Extract, in full, the lines below, beginning at the first and ending with the line that contains "1. **费用**：取消交易可能需要支付一定的手续费，请事先确认。". Pictures do not belong in the copy.

ENTRIES SHOWN:
-=-=-=-=-

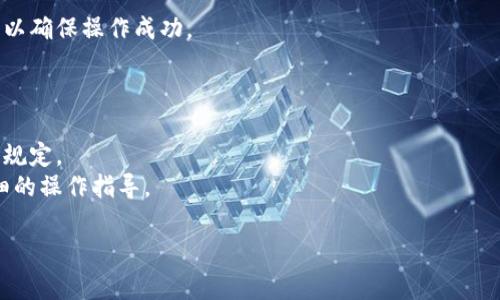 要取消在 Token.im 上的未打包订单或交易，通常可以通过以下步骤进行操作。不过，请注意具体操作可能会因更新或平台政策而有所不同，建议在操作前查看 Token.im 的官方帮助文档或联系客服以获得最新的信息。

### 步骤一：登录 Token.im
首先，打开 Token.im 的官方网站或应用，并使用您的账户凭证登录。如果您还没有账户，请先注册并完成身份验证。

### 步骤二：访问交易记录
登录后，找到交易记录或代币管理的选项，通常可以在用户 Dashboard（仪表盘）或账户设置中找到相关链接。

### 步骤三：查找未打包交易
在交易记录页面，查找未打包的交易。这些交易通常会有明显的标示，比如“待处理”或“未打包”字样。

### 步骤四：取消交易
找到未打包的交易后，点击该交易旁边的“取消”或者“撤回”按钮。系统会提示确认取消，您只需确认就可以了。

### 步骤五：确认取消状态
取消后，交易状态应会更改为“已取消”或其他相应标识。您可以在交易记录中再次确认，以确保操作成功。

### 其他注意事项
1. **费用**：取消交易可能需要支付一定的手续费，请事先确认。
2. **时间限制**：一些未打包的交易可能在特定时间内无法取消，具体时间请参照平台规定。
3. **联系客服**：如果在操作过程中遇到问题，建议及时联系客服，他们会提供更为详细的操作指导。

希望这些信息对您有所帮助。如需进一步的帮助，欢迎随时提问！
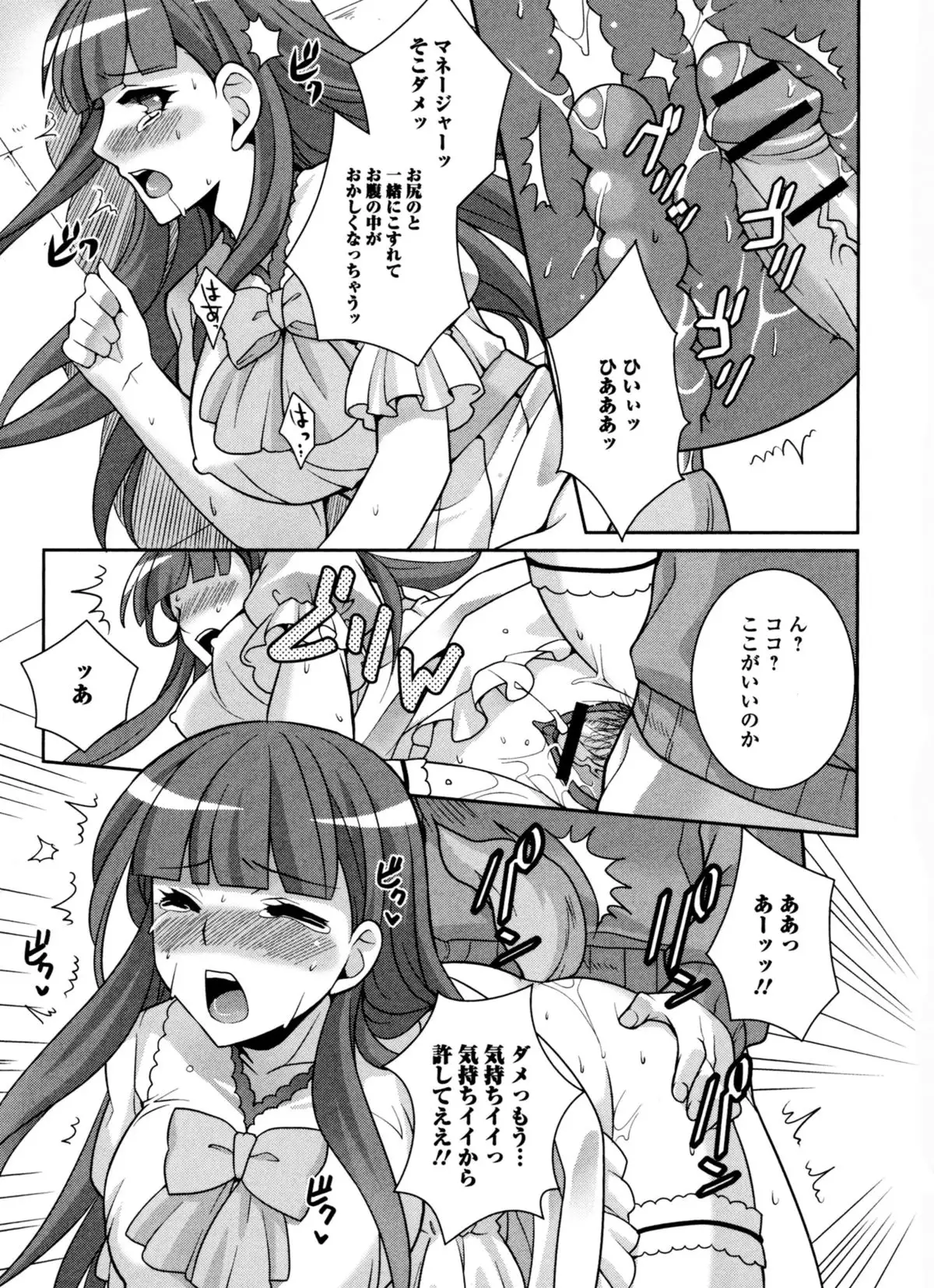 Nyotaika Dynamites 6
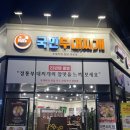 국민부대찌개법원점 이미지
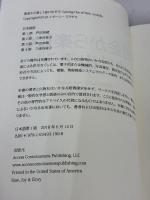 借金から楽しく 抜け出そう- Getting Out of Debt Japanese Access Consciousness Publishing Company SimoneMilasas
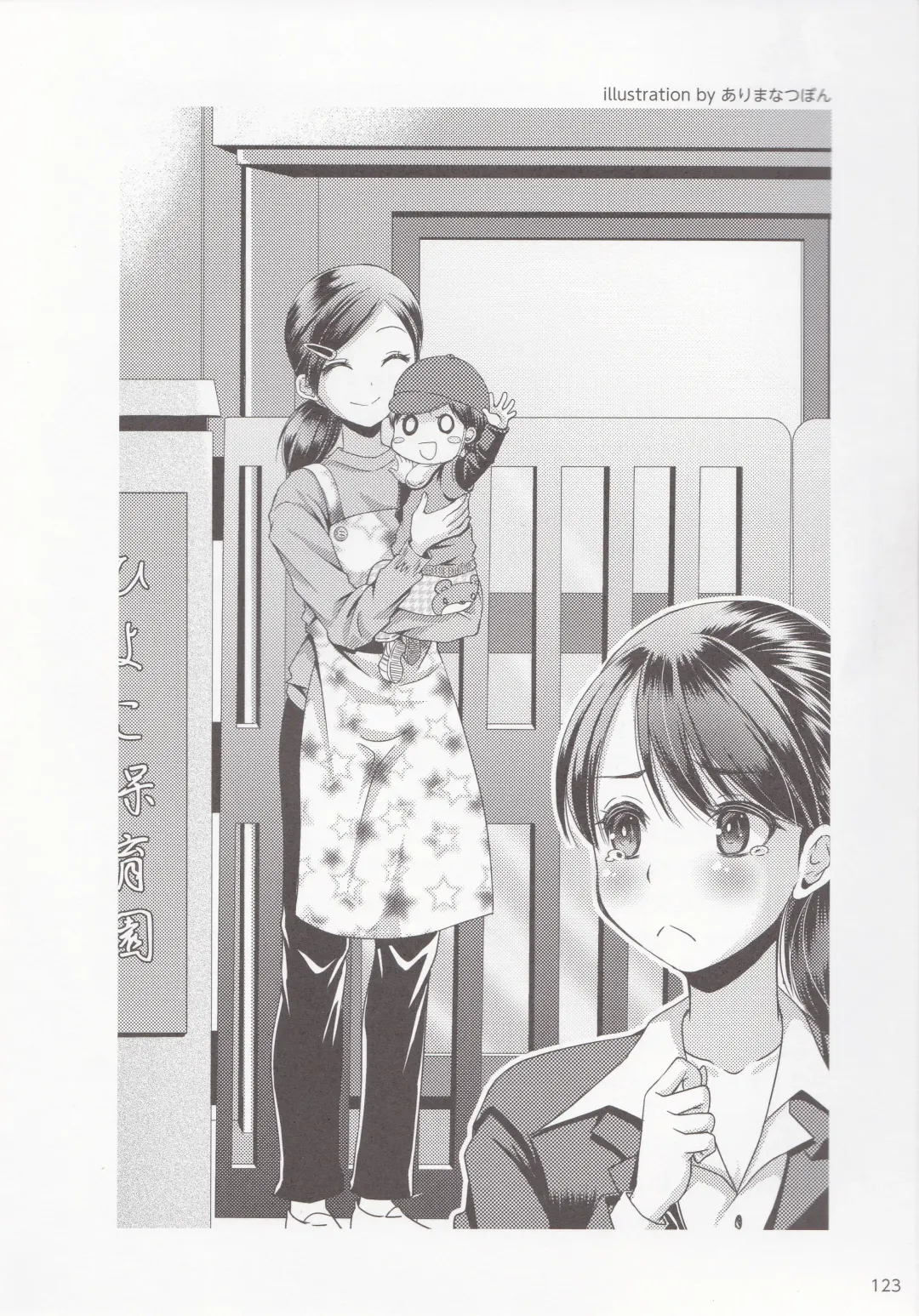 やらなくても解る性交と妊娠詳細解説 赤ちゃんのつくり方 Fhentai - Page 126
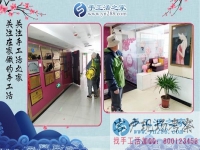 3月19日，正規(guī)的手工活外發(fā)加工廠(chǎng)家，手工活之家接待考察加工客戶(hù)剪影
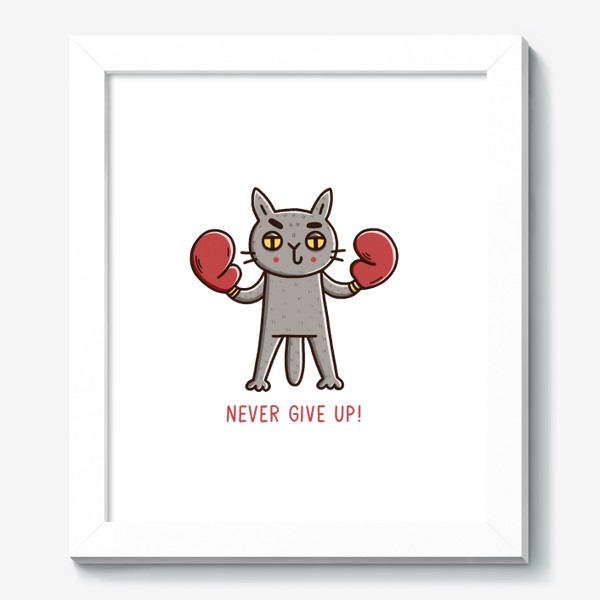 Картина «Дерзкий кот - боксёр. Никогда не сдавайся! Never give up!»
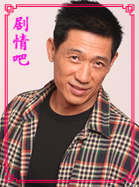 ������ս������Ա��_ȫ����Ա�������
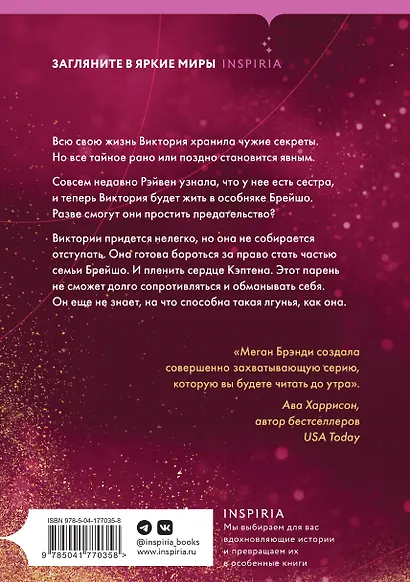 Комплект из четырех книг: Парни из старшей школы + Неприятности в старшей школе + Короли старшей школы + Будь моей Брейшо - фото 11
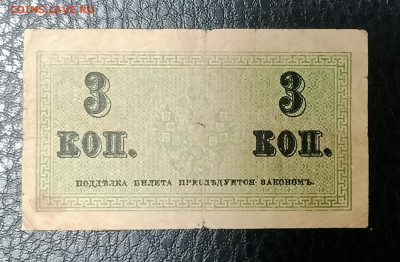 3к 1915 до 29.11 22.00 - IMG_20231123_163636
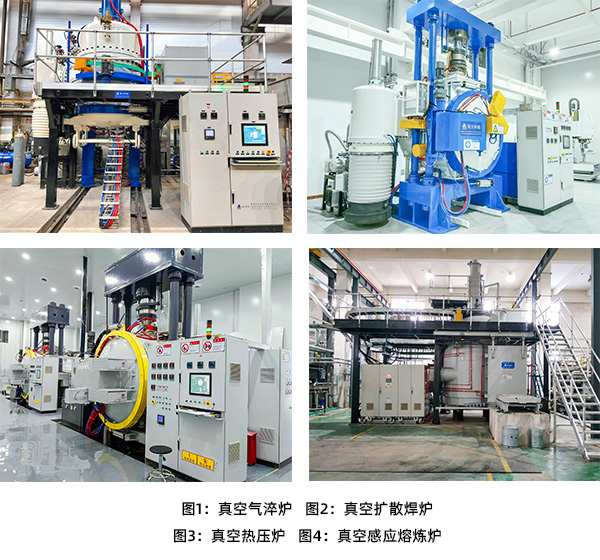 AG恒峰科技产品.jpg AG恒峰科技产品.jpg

-=-=-=-=-

OUTPUT OF THE TASK:
 要取消在 Token.im 上的未打包订单或交易，通常可以通过以下步骤进行操作。不过，请注意具体操作可能会因更新或平台政策而有所不同，建议在操作前查看 Token.im 的官方帮助文档或联系客服以获得最新的信息。

### 步骤一：登录 Token.im
首先，打开 Token.im 的官方网站或应用，并使用您的账户凭证登录。如果您还没有账户，请先注册并完成身份验证。

### 步骤二：访问交易记录
登录后，找到交易记录或代币管理的选项，通常可以在用户 Dashboard（仪表盘）或账户设置中找到相关链接。

### 步骤三：查找未打包交易
在交易记录页面，查找未打包的交易。这些交易通常会有明显的标示，比如“待处理”或“未打包”字样。

### 步骤四：取消交易
找到未打包的交易后，点击该交易旁边的“取消”或者“撤回”按钮。系统会提示确认取消，您只需确认就可以了。

### 步骤五：确认取消状态
取消后，交易状态应会更改为“已取消”或其他相应标识。您可以在交易记录中再次确认，以确保操作成功。

### 其他注意事项
1. **费用**：取消交易可能需要支付一定的手续费，请事先确认。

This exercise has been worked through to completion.